In the same letter Chekhov says that Byron was as smart as a hundred devils; nevertheless, his talent has survived intact (the author of Gutta-Percha Boy, Grigorovich believed that intellect could overwhelm talent).

 

In Blok’s Neznakomka (“Incognita,” 1906) p’yanitsy s glazami krolikov (the drunks with the eyes of rabbits) cry out: “In vino veritas!” At the beginning of Ada Van mentions Dr Krolik, Ada’s teacher of natural history:

 

'I deduce,' said the boy, 'three main facts: that not yet married Marina and her married sister hibernated in my lieu de naissance; that Marina had her own Dr Krolik, pour ainsi dire; and that the orchids came from Demon who preferred to stay by the sea, his dark-blue great-grandmother.'

'I can add,' said the girl, 'that the petal belongs to the common Butterfly Orchis; that my mother was even crazier than her sister; and that the paper flower so cavalierly dismissed is a perfectly recognizable reproduction of an early-spring sanicle that I saw in profusion on hills in coastal California last February. Dr Krolik, our local naturalist, to whom you, Van, have referred, as Jane Austen might have phrased it, for the sake of rapid narrative information (you recall Brown, don't you, Smith?), has determined the example I brought back from Sacramento to Ardis, as the Bear-Foot, B,E,A,R, my love, not my foot or yours, or the Stabian flower girl's - an allusion, which your father, who, according to Blanche, is also mine, would understand like this' (American finger-snap). (1.1)

 

Demon Veen is a gambler. The characters of Dostoevski’s Igrok include Blanche, a Parisian courtesan who helps the young man of the story to spend his fabulous win.

 

At the beginning of The Corsair (1814) Byron mentions “the dark-blue sea:”

 

O'er the glad waters of the dark blue sea,
Our thoughts as boundless, and our souls as free,

Far as the breeze can bear, the billows foam,
Survey our empire and behold our home! (Canto One)

 

In his poem K moryu (“To the Sea,” 1824) Pushkin speaks of Napoleon’s and Byron’s deaths and says that Byron was a bard of the sea (on byl, o more, tvoy pevets).

 

At Van’s first tea party in Ardis Marina (Van’s, Ada’s and Lucette’s mother) mentions Queen Josephine and Dostoevski:

 

Price, the mournful old footman who brought the cream for the strawberries, resembled Van's teacher of history, 'Jeejee' Jones.

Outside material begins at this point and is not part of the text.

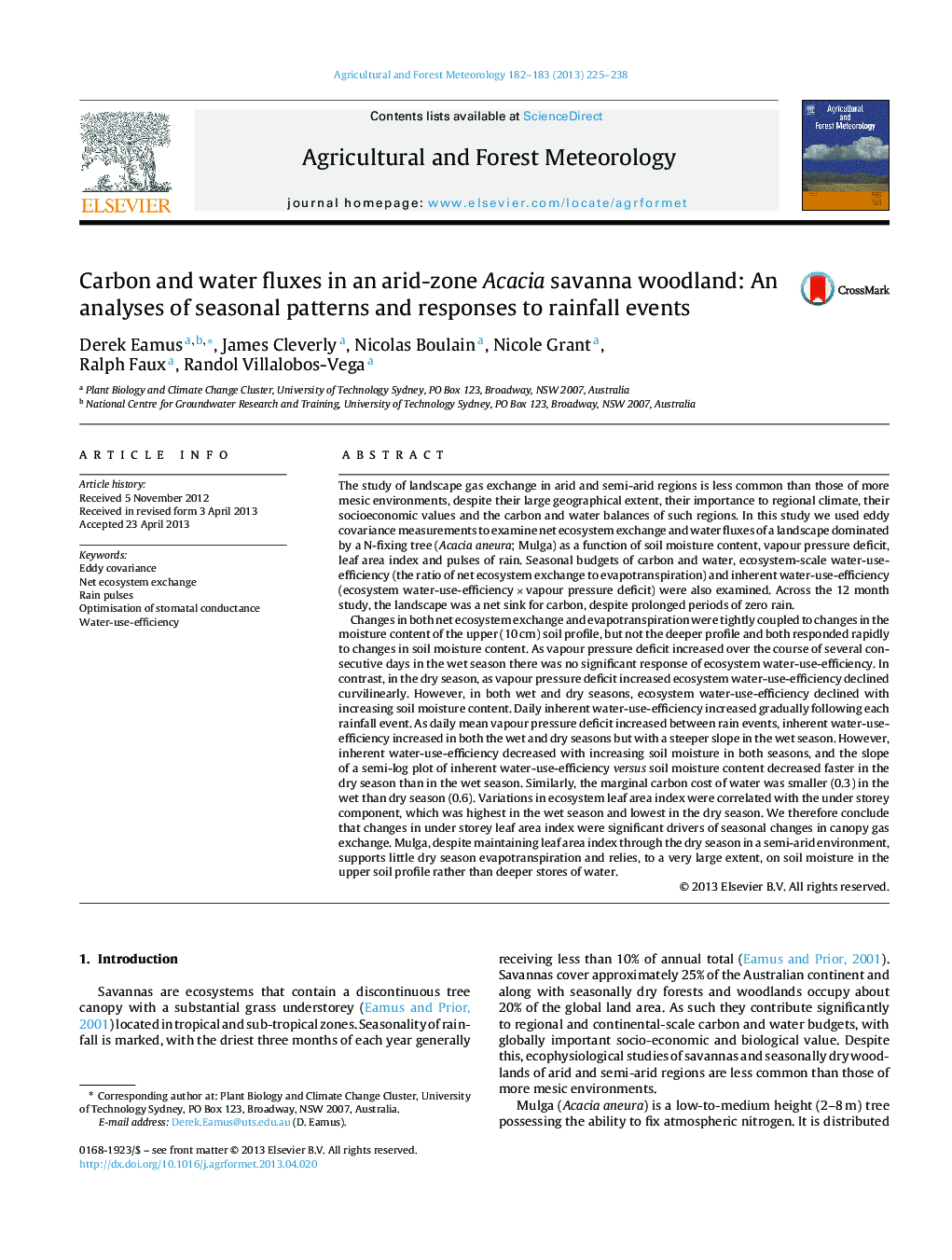 Carbon and water fluxes in an arid-zone Acacia savanna woodland: An analyses of seasonal patterns and responses to rainfall events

'He resembles my teacher of history,' said Van when the man had gone.

'I used to love history,' said Marina, 'I loved to identify myself with famous women. There's a ladybird on your plate, Ivan. Especially with famous beauties - Lincoln's second wife or Queen Josephine.'

'Yes, I've noticed - it's beautifully done. We've got a similar set at home.'

'Slivok (some cream)? I hope you speak Russian?' Marina asked Van, as she poured him a cup of tea.

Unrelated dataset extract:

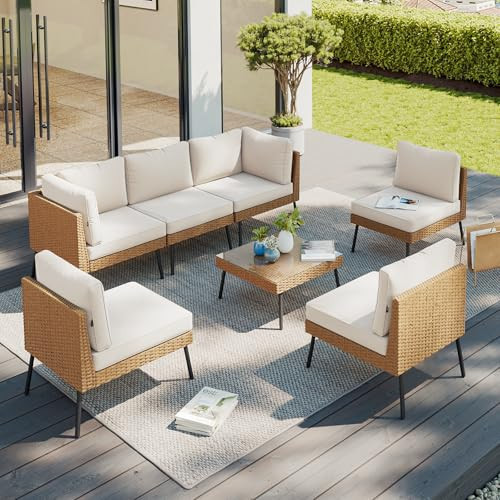 Aoxun Patio Furniture Set, 7 Piece Outdoor Sectional Sofas with Thick Cushion, Wicker Outdoor Patio Furniture Set with Coffee Table for Party, Garden, Backyard, Beige | Amazon (US)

'Neohotno no sovershenno svobodno (reluctantly but quite fluently),' replied Van, slegka ulïbnuvshis' (with a slight smile). 'Yes, lots of cream and three lumps of sugar.'

'Ada and I share your extravagant tastes. Dostoevski liked it with raspberry syrup.'

'Pah,' uttered Ada.

 

Josephine Beauharnais was Napoleon’s first wife. It seems that Napoleon (the Emperor of France) did not exist on Antiterra. Grace Erminin (Greg’s twin sister) marries a Wellington (2.6). Duke of Wellington (who opposed Napoleon in the Battle of Waterloo) is a character in Aldanov’s “A Soldier’s Grave” (the title was borrowed from Byron’s last poem, On this Day I Complete my Thirty-Sixth Year, 1824).